REQUIRED WORK
In the data that follows, find the line with "19 Days Mera"; transcribe it, every later line up to the one with "road in winter forest", and that line as well, exactly and with no others.

RECORDS FOR THE EXERCISE
━━━

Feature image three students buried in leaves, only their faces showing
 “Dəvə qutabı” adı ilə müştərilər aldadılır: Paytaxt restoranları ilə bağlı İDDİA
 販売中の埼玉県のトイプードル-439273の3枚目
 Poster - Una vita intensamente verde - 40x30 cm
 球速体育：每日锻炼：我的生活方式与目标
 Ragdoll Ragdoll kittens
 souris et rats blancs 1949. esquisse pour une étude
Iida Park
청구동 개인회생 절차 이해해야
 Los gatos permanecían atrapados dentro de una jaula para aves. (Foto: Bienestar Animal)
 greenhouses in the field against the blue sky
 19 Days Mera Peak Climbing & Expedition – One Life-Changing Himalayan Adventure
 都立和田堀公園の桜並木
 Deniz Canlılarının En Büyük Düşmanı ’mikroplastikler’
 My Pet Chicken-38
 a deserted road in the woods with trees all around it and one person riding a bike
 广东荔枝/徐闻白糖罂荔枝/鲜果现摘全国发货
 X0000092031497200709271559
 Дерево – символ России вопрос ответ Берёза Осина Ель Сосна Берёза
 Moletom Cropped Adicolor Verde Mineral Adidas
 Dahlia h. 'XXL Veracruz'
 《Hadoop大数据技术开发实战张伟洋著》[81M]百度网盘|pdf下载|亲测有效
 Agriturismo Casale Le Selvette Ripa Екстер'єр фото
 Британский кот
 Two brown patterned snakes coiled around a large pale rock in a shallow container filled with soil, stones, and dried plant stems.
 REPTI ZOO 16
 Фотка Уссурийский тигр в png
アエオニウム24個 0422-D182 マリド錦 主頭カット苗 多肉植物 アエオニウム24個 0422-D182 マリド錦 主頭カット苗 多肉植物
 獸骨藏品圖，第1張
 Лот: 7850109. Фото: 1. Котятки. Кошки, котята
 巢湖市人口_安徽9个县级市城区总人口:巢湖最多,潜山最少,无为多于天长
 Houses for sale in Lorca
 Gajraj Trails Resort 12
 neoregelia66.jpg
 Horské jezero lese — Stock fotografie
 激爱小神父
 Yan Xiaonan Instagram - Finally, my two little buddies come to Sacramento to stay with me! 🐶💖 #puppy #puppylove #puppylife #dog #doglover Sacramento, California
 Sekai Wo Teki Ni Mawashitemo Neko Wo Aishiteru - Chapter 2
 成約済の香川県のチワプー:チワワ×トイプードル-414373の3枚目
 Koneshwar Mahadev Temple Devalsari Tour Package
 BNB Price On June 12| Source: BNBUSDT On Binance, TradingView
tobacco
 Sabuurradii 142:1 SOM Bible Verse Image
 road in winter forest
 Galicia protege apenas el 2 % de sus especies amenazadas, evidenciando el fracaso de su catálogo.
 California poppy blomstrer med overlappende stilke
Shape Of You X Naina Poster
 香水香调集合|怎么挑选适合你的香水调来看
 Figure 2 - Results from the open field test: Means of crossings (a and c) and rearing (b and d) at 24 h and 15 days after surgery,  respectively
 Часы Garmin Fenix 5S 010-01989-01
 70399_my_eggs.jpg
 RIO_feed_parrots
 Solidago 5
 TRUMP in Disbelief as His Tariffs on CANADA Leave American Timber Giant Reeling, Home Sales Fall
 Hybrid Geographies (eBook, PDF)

━━━

ANSWER TO THIS EXERCISE
 19 Days Mera Peak Climbing & Expedition – One Life-Changing Himalayan Adventure
 都立和田堀公園の桜並木
 Deniz Canlılarının En Büyük Düşmanı ’mikroplastikler’
 My Pet Chicken-38
 a deserted road in the woods with trees all around it and one person riding a bike
 广东荔枝/徐闻白糖罂荔枝/鲜果现摘全国发货
 X0000092031497200709271559
 Дерево – символ России вопрос ответ Берёза Осина Ель Сосна Берёза
 Moletom Cropped Adicolor Verde Mineral Adidas
 Dahlia h. 'XXL Veracruz'
 《Hadoop大数据技术开发实战张伟洋著》[81M]百度网盘|pdf下载|亲测有效
 Agriturismo Casale Le Selvette Ripa Екстер'єр фото
 Британский кот
 Two brown patterned snakes coiled around a large pale rock in a shallow container filled with soil, stones, and dried plant stems.
 REPTI ZOO 16
 Фотка Уссурийский тигр в png
アエオニウム24個 0422-D182 マリド錦 主頭カット苗 多肉植物 アエオニウム24個 0422-D182 マリド錦 主頭カット苗 多肉植物
 獸骨藏品圖，第1張
 Лот: 7850109. Фото: 1. Котятки. Кошки, котята
 巢湖市人口_安徽9个县级市城区总人口:巢湖最多,潜山最少,无为多于天长
 Houses for sale in Lorca
 Gajraj Trails Resort 12
 neoregelia66.jpg
 Horské jezero lese — Stock fotografie
 激爱小神父
 Yan Xiaonan Instagram - Finally, my two little buddies come to Sacramento to stay with me! 🐶💖 #puppy #puppylove #puppylife #dog #doglover Sacramento, California
 Sekai Wo Teki Ni Mawashitemo Neko Wo Aishiteru - Chapter 2
 成約済の香川県のチワプー:チワワ×トイプードル-414373の3枚目
 Koneshwar Mahadev Temple Devalsari Tour Package
 BNB Price On June 12| Source: BNBUSDT On Binance, TradingView
tobacco
 Sabuurradii 142:1 SOM Bible Verse Image
 road in winter forest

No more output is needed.